Hello I am beginning with gpgpu and had a few (simple) questions
I want to support OpenGl 2.0 cards (Ati 9500+, NVIDIA ?) and performance is crucial!
I have read a few tutorials (incl. dominik) and think I need a pingpong setup using multiple textures bound to one FBO (or is there a faster way these days)
Is there any (performace) penalty in using ARB_texture_rectangle
in stead of GL_TEXTURE_2D ? I do not know a lot about ARB/EXT, but ARB_texture_rectangle should as far as I can tell be supported by all 2.0 cards and not be any slower than GL_TEXTURE_2D… Non normalized textures are just really handy when it comes to gpgpu as I read it.
For my project I need bool(GL_RGBA2 ?)/ fixed (GL_RGBA8 ??) /float32(GL_RGBA32F_ARB) textures (input). Will GL_RGBA2 compared to GL_RGBA32F_ARB be faster to upload to the gpu and process by the GPU?
And, is GL_RGBA32F_ARB still not supported by NVIDIA OpenGl 2.0 cards?
Sorry about all the questions, but I couldn’t find any definite answers online.
Maybe is better to stick on CUDA. First, using OpenGL you can have issues regarding transfer speed, texture formats, platform incompatibility, driver version issues.
Then, what kind of computation you would like to perform. Only latest hw generation support more complex shaders, while previous generation have some limits and caveats.
Cuda is no option, I need to support a wider range of cards.
I know that most things I want to do can be done in the tiny gpu shader of for instance a 9600 openGl 2.0 card, although I do not know the minimum the 2.0 specs require in number of computations/per vertex fragment shader.
I had just these questions above about what the fastest way for these computations would be on 2.0.
Thanks, I thought the GL_RGBA2 would be perfect for boolean input, but I thought that the gpu would maybe cast it to float internally anyways, which would even mean a performance drop
Isn’t Shader Model a Microsoft thing or am I getting things mixed up here?
Well to be honest it probably does get cast, but I’d be surprised if it was to 32bit float. Even if it does you’ll save transfer time.
I have to add in a caveat here though; occasionally you come across a format that for some reason internal to drivers you get a disproportionate performance hit. I haven’t tried GL_RGBA2 as I said, so it’s possible that this is one of those formats.
Sorry of course SM is MS, I’m just so used to referring to generations by SM.

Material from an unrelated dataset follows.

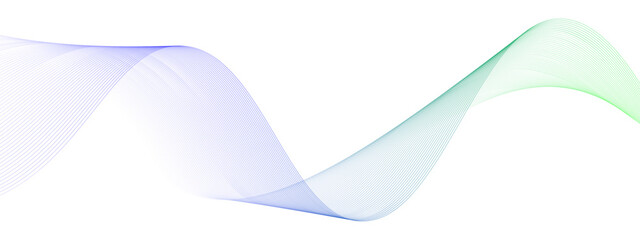 gradient moving lines design element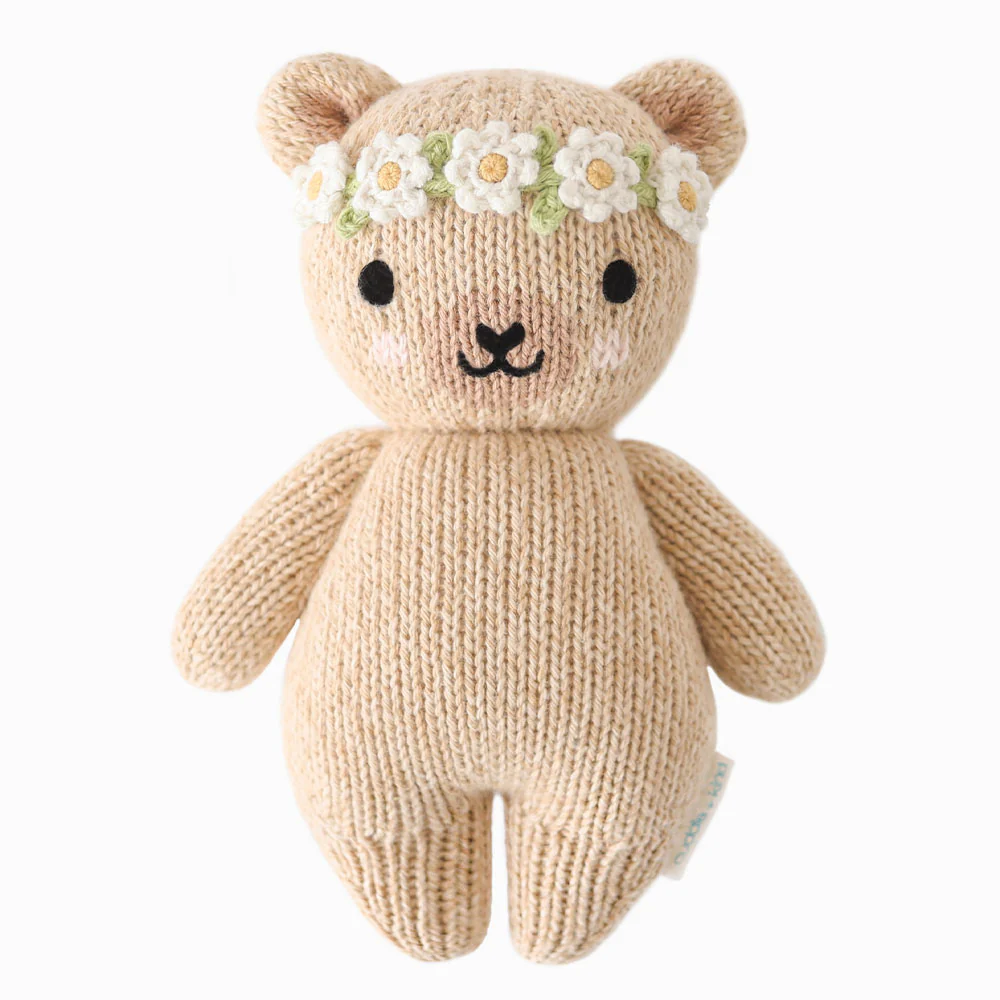 Baby Animal Knitted Dolls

edit: btw fbos are still the way to go. Note each fbo must have the same texture and size attached to it.
So even though you thought I meant SM3.0, will your answers be applicable to OpenGl 2.0 ?
Well, as I’ll be using pingponging the transfer times won’t be that important, right?
What kind of precision will you get when using GL_RGBA8? 8bit integer?
I am also a bit confused about clamping. When using FBO-pingponging, will the values ever be clamped when for instance I use GL_RGBA32F_ARB?
Yes my answers should be applicable to opengl2.0 (i haven’t read the specs to confirm this though, but I’m pretty sure we’re talking about the same thing :)).
well cpu<>gpu transfer times obviously get less important the longer you are on the card, but you still have texture fetch costs which will be considerably lower with a lower precision format.
you won’t get clamping with RGBA32F, I’m not sure exactly what happens with RGBA8 though. I don’t think it will get clamped any more than the precision of the format.
RGAB8 will give you 8bit integer per component is my understanding, but I haven’t checked that myself (I do everything in RGBA32).